▸ PROMPT: With pictures left out, copy exactly every line from the one containing "Ein rustikaler Kranz" through the end of the material.

▸ RECORDS PROVIDED:
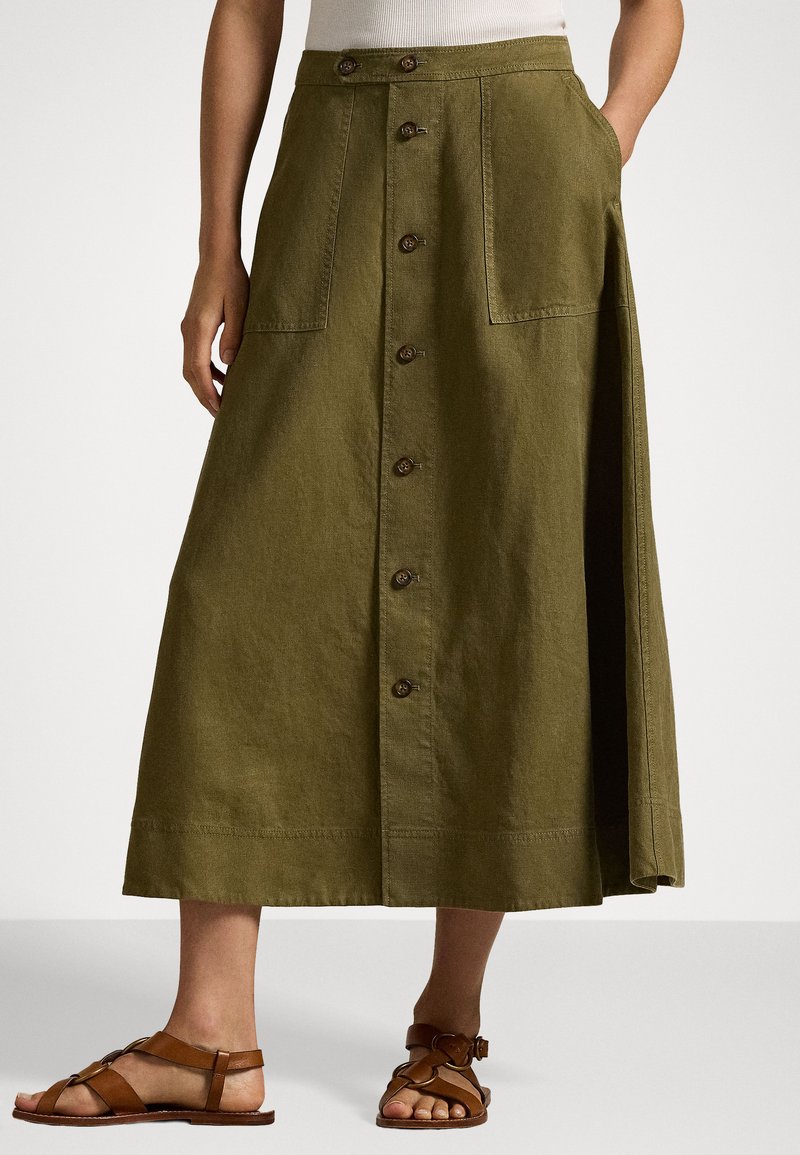 Falda verde oliva, de longitud hasta la rodilla, hecha de una tela suave, con frente de botones, dos bolsillos grandes y una abertura lateral para mayor libertad de movimiento.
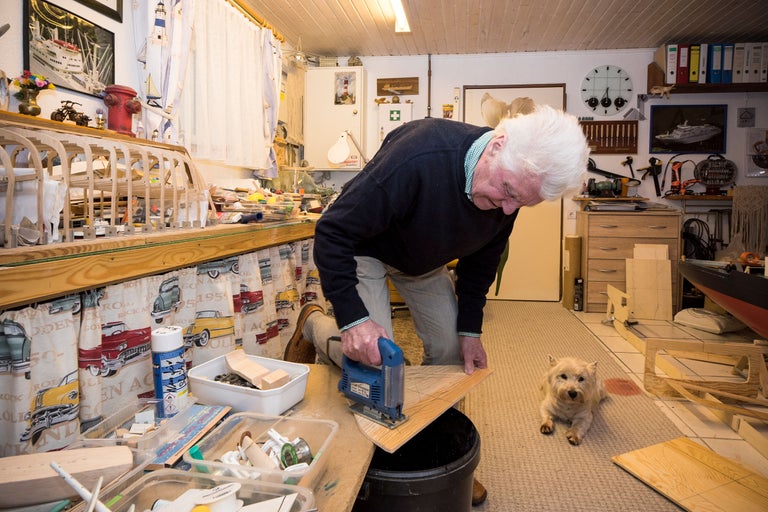 Man arbetar med sticksåg i verkstad, hund ligger på golvet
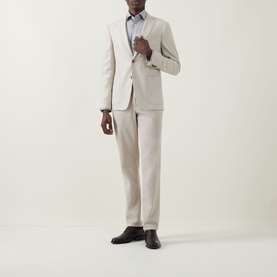 Model wearing Eton Micro Print Single-Cuff Shirt in Navy Blue, styled with a stone suit jacket and matching trousers, dark leather shoes.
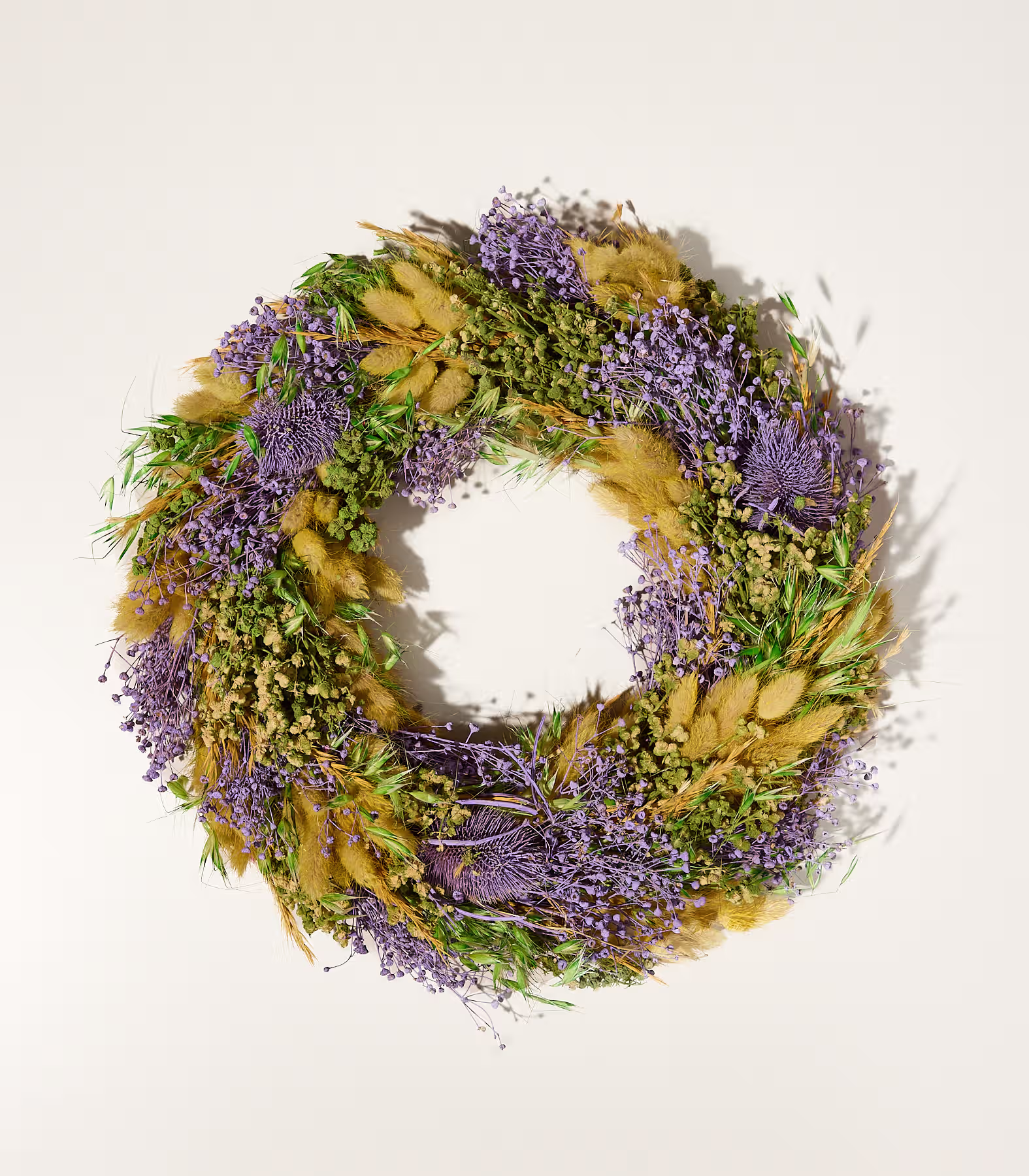 Ein rustikaler Kranz aus getrocknetem Lavendel, Gräsern und Grünzeug liegt auf einem schlichten weißen Hintergrund. (Beschreibungstext KI-generiert)
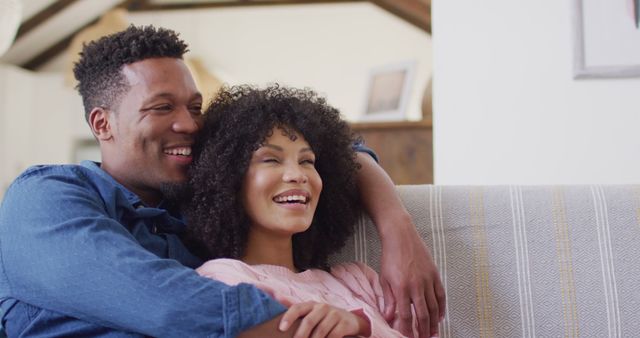Happy african american couple embracing together in living room. Spending quality time at home together concept.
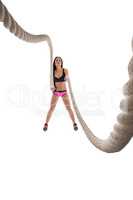Studio photo of sporty woman training with rope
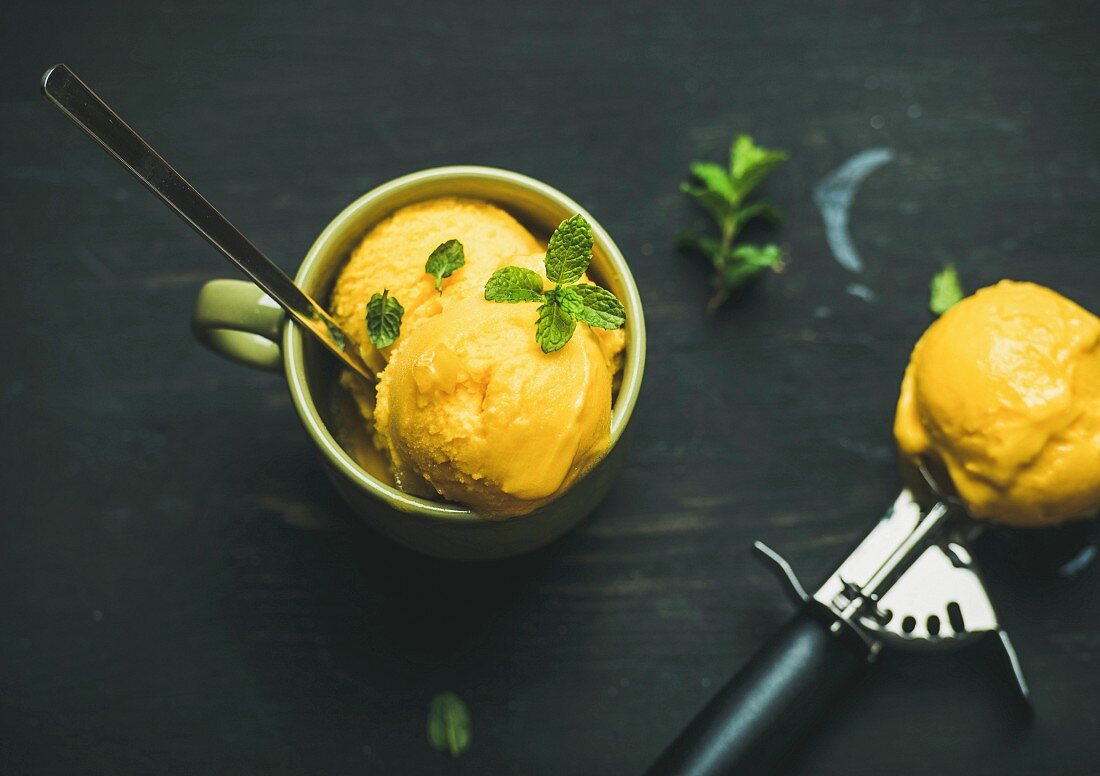 Mango sorbet ice cream scoops with fresh mint in green cup over black wooden background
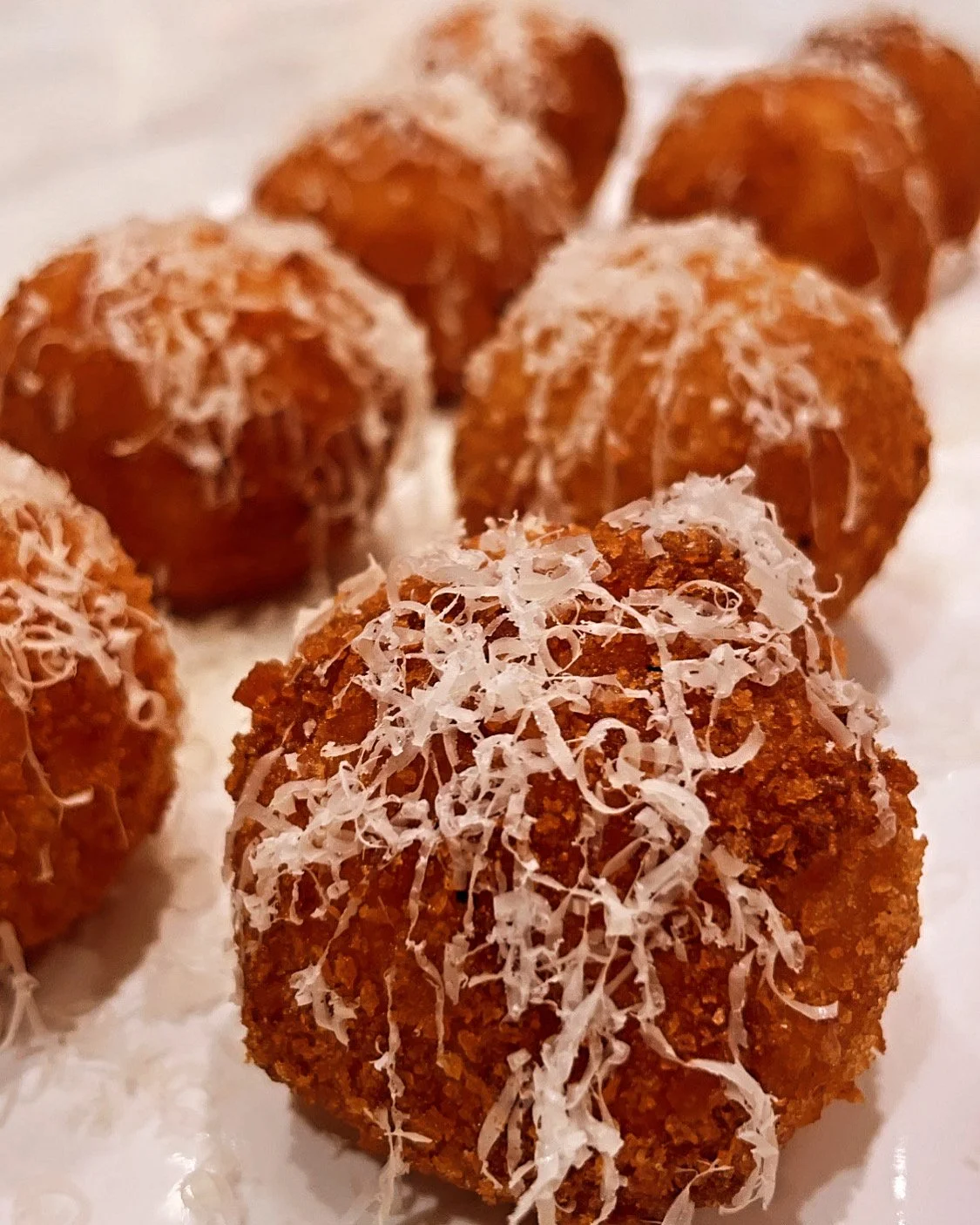 Close-up of several fried food balls topped with shredded cheese.
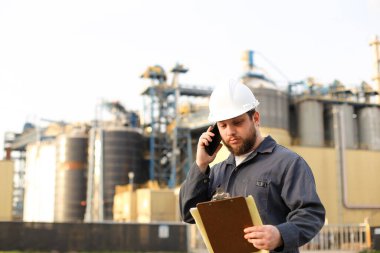 Endüstriyel Amerikan işçisi VHF telsiziyle konuşuyor ve fabrikanın önünde kağıtları tutuyor..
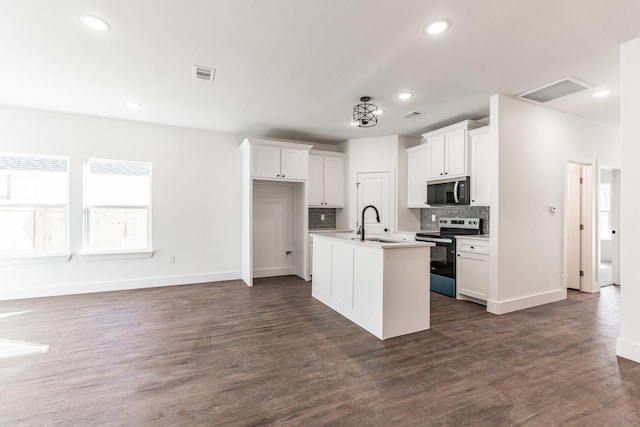 kitchen featuring sink, white cabinetry, a center island with sink, electric range, and decorative backsplash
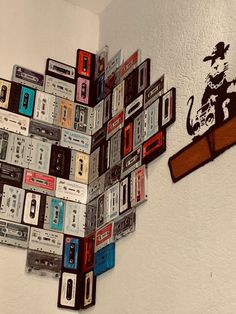 there is a wall made out of old cassettes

▸ YOUR SOLUTION:
 Ein rustikaler Kranz aus getrocknetem Lavendel, Gräsern und Grünzeug liegt auf einem schlichten weißen Hintergrund. (Beschreibungstext KI-generiert)
Happy african american couple embracing together in living room. Spending quality time at home together concept.
Studio photo of sporty woman training with rope
 Mango sorbet ice cream scoops with fresh mint in green cup over black wooden background
 Close-up of several fried food balls topped with shredded cheese.
 Endüstriyel Amerikan işçisi VHF telsiziyle konuşuyor ve fabrikanın önünde kağıtları tutuyor..
 kitchen featuring sink, white cabinetry, a center island with sink, electric range, and decorative backsplash
 there is a wall made out of old cassettes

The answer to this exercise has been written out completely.